→ **WHAT IS BEING ASKED**: Reproduce the entries in full, with no changes.

→ **Data entries**:
_ _ _

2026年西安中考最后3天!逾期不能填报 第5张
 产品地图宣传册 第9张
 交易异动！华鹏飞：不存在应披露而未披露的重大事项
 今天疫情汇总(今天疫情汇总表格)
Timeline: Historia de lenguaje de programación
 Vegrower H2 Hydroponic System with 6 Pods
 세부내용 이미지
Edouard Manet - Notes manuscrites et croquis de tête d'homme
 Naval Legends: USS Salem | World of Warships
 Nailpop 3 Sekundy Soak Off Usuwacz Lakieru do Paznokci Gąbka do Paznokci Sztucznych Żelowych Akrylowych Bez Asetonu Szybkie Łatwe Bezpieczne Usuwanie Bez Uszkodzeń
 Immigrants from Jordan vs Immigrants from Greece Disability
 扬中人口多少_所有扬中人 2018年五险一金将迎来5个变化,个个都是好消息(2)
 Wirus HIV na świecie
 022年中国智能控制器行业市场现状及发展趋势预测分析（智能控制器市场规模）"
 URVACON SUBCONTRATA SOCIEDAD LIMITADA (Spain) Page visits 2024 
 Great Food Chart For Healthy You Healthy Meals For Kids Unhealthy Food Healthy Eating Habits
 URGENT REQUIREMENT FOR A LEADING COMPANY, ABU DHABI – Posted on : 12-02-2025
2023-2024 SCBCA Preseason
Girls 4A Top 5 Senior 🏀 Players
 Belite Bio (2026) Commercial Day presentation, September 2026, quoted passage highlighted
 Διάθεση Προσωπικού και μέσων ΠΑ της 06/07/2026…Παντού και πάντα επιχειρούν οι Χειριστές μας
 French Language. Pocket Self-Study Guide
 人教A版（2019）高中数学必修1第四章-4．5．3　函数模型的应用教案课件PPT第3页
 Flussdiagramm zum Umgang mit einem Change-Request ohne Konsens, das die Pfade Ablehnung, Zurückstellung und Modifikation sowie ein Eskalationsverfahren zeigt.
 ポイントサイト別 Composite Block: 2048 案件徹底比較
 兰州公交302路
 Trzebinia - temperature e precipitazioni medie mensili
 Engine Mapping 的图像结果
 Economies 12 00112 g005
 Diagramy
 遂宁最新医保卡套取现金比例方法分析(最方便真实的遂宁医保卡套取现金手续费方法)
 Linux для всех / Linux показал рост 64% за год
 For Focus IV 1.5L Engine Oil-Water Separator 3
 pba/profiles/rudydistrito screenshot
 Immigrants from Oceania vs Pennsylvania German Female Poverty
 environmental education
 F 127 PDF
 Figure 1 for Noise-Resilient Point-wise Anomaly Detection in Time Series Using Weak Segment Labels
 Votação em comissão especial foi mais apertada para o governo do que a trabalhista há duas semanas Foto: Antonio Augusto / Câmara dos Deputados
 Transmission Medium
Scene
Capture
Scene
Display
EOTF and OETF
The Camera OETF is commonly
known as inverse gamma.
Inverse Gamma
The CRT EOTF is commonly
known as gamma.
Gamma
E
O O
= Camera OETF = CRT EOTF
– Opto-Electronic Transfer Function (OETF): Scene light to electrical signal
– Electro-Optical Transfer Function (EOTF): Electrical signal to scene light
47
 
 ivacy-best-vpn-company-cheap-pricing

_ _ _

→ **SOLVED EXERCISE**:
2026年西安中考最后3天!逾期不能填报 第5张
 产品地图宣传册 第9张
 交易异动！华鹏飞：不存在应披露而未披露的重大事项
 今天疫情汇总(今天疫情汇总表格)
Timeline: Historia de lenguaje de programación
 Vegrower H2 Hydroponic System with 6 Pods
 세부내용 이미지
Edouard Manet - Notes manuscrites et croquis de tête d'homme
 Naval Legends: USS Salem | World of Warships
 Nailpop 3 Sekundy Soak Off Usuwacz Lakieru do Paznokci Gąbka do Paznokci Sztucznych Żelowych Akrylowych Bez Asetonu Szybkie Łatwe Bezpieczne Usuwanie Bez Uszkodzeń
 Immigrants from Jordan vs Immigrants from Greece Disability
 扬中人口多少_所有扬中人 2018年五险一金将迎来5个变化,个个都是好消息(2)
 Wirus HIV na świecie
 022年中国智能控制器行业市场现状及发展趋势预测分析（智能控制器市场规模）"
 URVACON SUBCONTRATA SOCIEDAD LIMITADA (Spain) Page visits 2024 
 Great Food Chart For Healthy You Healthy Meals For Kids Unhealthy Food Healthy Eating Habits
 URGENT REQUIREMENT FOR A LEADING COMPANY, ABU DHABI – Posted on : 12-02-2025
2023-2024 SCBCA Preseason
Girls 4A Top 5 Senior 🏀 Players
 Belite Bio (2026) Commercial Day presentation, September 2026, quoted passage highlighted
 Διάθεση Προσωπικού και μέσων ΠΑ της 06/07/2026…Παντού και πάντα επιχειρούν οι Χειριστές μας
 French Language. Pocket Self-Study Guide
 人教A版（2019）高中数学必修1第四章-4．5．3　函数模型的应用教案课件PPT第3页
 Flussdiagramm zum Umgang mit einem Change-Request ohne Konsens, das die Pfade Ablehnung, Zurückstellung und Modifikation sowie ein Eskalationsverfahren zeigt.
 ポイントサイト別 Composite Block: 2048 案件徹底比較
 兰州公交302路
 Trzebinia - temperature e precipitazioni medie mensili
 Engine Mapping 的图像结果
 Economies 12 00112 g005
 Diagramy
 遂宁最新医保卡套取现金比例方法分析(最方便真实的遂宁医保卡套取现金手续费方法)
 Linux для всех / Linux показал рост 64% за год
 For Focus IV 1.5L Engine Oil-Water Separator 3
 pba/profiles/rudydistrito screenshot
 Immigrants from Oceania vs Pennsylvania German Female Poverty
 environmental education
 F 127 PDF
 Figure 1 for Noise-Resilient Point-wise Anomaly Detection in Time Series Using Weak Segment Labels
 Votação em comissão especial foi mais apertada para o governo do que a trabalhista há duas semanas Foto: Antonio Augusto / Câmara dos Deputados
 Transmission Medium
Scene
Capture
Scene
Display
EOTF and OETF
The Camera OETF is commonly
known as inverse gamma.
Inverse Gamma
The CRT EOTF is commonly
known as gamma.
Gamma
E
O O
= Camera OETF = CRT EOTF
– Opto-Electronic Transfer Function (OETF): Scene light to electrical signal
– Electro-Optical Transfer Function (EOTF): Electrical signal to scene light
47
 
 ivacy-best-vpn-company-cheap-pricing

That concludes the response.